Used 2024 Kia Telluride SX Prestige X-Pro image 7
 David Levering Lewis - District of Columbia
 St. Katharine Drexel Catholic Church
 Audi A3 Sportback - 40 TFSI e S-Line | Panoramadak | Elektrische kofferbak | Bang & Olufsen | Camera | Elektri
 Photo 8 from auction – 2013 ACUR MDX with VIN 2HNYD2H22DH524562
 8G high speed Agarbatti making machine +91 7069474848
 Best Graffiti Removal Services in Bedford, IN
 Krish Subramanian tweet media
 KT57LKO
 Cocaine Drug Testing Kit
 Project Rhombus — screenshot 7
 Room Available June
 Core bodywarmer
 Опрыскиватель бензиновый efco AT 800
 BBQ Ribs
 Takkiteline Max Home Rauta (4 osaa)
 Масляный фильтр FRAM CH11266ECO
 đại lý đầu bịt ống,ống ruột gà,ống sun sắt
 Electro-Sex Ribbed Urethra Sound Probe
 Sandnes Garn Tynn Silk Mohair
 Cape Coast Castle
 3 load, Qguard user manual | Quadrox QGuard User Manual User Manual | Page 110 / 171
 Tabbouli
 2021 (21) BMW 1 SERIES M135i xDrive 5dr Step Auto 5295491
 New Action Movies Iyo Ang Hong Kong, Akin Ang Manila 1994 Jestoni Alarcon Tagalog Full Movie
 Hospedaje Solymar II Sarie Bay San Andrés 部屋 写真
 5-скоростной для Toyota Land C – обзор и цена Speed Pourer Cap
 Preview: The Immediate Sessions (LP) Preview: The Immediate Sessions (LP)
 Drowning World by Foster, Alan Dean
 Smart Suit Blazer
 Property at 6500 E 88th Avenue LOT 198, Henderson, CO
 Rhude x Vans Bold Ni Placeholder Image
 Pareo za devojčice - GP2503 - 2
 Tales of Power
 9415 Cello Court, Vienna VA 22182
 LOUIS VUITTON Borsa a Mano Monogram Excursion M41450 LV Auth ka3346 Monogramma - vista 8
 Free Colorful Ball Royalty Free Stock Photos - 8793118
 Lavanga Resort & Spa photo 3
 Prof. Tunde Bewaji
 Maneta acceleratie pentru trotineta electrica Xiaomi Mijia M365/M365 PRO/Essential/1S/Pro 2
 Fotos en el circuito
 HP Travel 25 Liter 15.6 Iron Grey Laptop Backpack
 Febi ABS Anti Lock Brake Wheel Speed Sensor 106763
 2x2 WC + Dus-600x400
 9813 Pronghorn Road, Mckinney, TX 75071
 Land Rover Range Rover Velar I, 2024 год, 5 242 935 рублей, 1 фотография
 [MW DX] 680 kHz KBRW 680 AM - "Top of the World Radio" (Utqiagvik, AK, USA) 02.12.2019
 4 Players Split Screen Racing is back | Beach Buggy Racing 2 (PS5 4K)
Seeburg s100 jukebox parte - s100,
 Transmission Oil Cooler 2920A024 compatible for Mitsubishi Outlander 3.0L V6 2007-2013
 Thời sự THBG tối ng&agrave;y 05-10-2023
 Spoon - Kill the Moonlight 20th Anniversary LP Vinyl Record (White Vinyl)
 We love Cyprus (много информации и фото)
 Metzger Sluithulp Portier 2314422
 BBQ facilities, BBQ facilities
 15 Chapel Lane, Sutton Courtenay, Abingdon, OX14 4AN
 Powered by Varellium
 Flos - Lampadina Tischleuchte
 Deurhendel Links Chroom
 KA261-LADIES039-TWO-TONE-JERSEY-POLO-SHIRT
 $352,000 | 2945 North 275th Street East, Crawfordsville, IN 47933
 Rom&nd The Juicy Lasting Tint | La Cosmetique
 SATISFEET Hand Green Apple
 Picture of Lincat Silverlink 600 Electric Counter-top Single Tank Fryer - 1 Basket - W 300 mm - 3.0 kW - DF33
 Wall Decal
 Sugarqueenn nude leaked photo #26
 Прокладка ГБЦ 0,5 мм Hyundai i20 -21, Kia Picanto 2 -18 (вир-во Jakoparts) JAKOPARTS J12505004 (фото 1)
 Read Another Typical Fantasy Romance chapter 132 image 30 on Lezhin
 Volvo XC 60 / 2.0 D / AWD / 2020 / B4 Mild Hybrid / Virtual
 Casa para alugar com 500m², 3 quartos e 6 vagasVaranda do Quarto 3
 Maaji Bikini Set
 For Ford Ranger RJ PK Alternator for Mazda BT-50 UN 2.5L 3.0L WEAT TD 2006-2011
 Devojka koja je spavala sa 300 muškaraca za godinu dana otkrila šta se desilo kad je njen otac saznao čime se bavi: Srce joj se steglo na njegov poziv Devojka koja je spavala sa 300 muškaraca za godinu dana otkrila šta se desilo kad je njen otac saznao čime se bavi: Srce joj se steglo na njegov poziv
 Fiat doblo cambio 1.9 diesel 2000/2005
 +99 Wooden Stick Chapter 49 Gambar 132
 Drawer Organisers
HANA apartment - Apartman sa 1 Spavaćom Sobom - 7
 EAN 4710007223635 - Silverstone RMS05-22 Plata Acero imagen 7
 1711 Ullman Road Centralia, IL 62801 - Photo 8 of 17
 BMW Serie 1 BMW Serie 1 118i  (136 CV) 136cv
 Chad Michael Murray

- **WHAT IS NEEDED**
Reply with one number: the count of lines in the entries that include the word "World".

- **YOUR SOLUTION**
2